一度目を観た後是枝作品を観たり城桧吏君が凄く良かったので桧吏君の出てるネトフリ制作の「僕だけがいない街」を観たりしてしまって衝撃が薄れレビュー出来なくなり早々と二回目を観てきてしまった。(ネトフリ制作の「僕だけがいない街」の桧吏君は主人公の友達役でちょっとしか出ないのだが今作とは全然違ってまだ背も小さく子供っぽくて改めて子供の一年の成長の速さに驚かされた。)
二度目も相変わらず凄い人で劇場はポップコーンを食べる音と匂いに包まれていて熱気が凄くてなんかそれも違和感なく今作に合っている様に思った。


凄い映画だった。
現代の日本の闇の部分が集結して描かれていた。
これは日本人の監督にしか描けない筈。
高層マンションが立ち並ぶ都会にひっそりとそこから身を隠す様にして建っているボロボロの一軒家。
よくもこんな場所を見つけたなと思ったが私の住む街にもそこだけぽかっと異次元が広がっている様な場所がある。
かたやマンションや新築の家が建ち並ぶ新興住宅地を抜けてちょっと奥まった所に昭和な家々が肩を寄せあってひっそりと建つ場所がまだある。
でもいつか建て直されてなくなってしまいそうだ。
今作はそんな作品。
いつ壊れてもおかしくないそこだけ昭和なあの家はあの家族を象徴していた。

是枝作品は全て観ている訳ではないのだが人間同士の濃密なある特定な関係(特に家族)が描かれていて泥臭くてそこだけ昭和の香りが漂って懐かしくもあり目を逸らしたくなる現実を突き付けてくる。
辛い現実を嘆いていても時間は止まってくれないし生きていく為に食べなければならないから稼がないとならないし一人で生きるにはあまりにも辛いから知らない者同士肩を寄せ合って生きていたそんな家族の物語。

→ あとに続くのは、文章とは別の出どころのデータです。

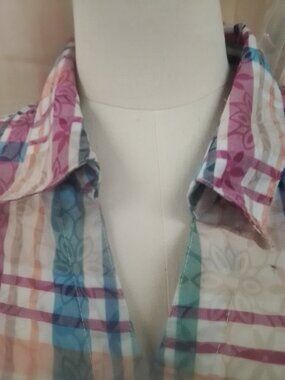 ALFRED DUNNER PLAID BUTTON UP BLOUSE  PETITE  LARGE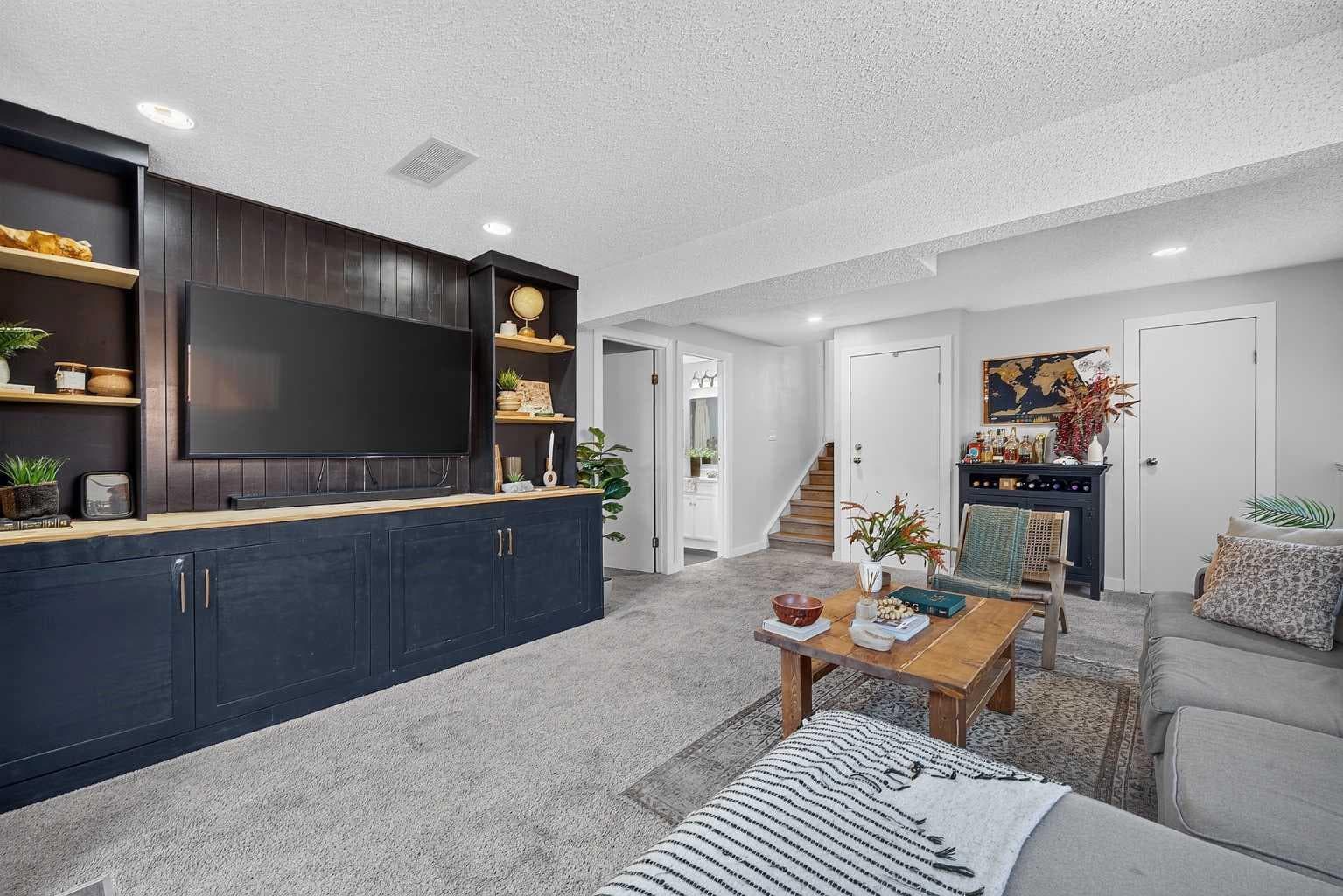 255 Shawcliffe Circle SW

冒頭からリリーさんと桧吏君の鮮やかな連携プレーで万引きをするシーンから釘付けになった。
店員の目を遮る為に桧吏君演じる祥太の前で商品を選ぶ振りをする治が盾となり祥太がその瞬間に商品を入れリュックのファスナーを閉めリュックを背負いそれが万引き完了の合図で、治は買うつもりもないのに詰め込まれた買い物かごをその場に放置してそれぞれ違う出口から外へ向かう鮮やかさ!
何でもいい訳じゃなく商品を選んで万引きしていた事に気付き子供に万引きさせる父親に腹が立ったが帰りに二人はコロッケを5個買って体を寄せ合って笑いながら帰る。
家で待っている家族がいるのかな。
そんな寒い夜ベランダに放置されている女の子を見つけた。
「あの子、前も出されてたんだよ」
治がその女の子を家に連れ帰るとそこには他に三人の家族が二人の帰りを待っていた。




↓ここからネタバレあります。↓






他人が寄せ集まって家族を作るなんてどんな事情があるのだろう。
次第にそれぞれの関係が炙り出されて知る度に衝撃が走る。
特にゆりの事情には胸が締め付けられ先日までワイドショーで連日取り上げられていた結愛ちゃんの事件と被る。
結愛ちゃんの事件はあってはならないが義父の虐待は百歩譲ってあったとしても産みの母が加担していた事が衝撃だった。
なんで。
お腹に10ヶ月も一緒にいたのに。
可愛くなかったの?
考えたくはないけどもしかしたら堕ろすお金がなかったのかもしれない。
もしかしたら妊娠を盾に結婚したのかもしれない。
色んな嫌な想像が頭をよぎる。
劇中でも夫婦喧嘩の末に「産みたくて産んだ子供じゃない」と吐き捨てる母親の台詞がショックだった。
ゆりを返しに行くと偶然聞いてしまったその台詞に「誘拐だから返してきな」と言っていた安藤サクラが演じた信代が自身の幼少期を思い出したのか逆に母性を刺激されてゆりを返さず連れ帰ってしまう。
「ゴーンベイビーゴーン」を思い出した。
虐待で殺してしまうならこんな寄せ集めの家族の方がゆりには暴力に怯える事もなく安心して暮らせる心の通った本当の家族だったんだと思う。
虐待されていても「お母さん、可愛い服買ってくれるもん」と呟くゆりが母親を庇って呟く様子は今迄叩かれる事が当たり前でそれを何かにかこつけて子供なりに正当化し自分を必死に守ってきたのだと思う。
祥太をお兄ちゃんと慕って追いかけるゆりは時折笑顔も見せる様になって可愛かった。
髪を切り自分から〝りん〟として生きる事を選ぶシーンに涙した。


今作には他にも沢山の現代の問題が詰め込まれていた。
辛い境遇同士が寄り添いあっていただけじゃなく一定の収入があるのは初枝の年金だけで定職につかない治やパートがクビになった信代がそれを当てにしているのが次第に分かってくる。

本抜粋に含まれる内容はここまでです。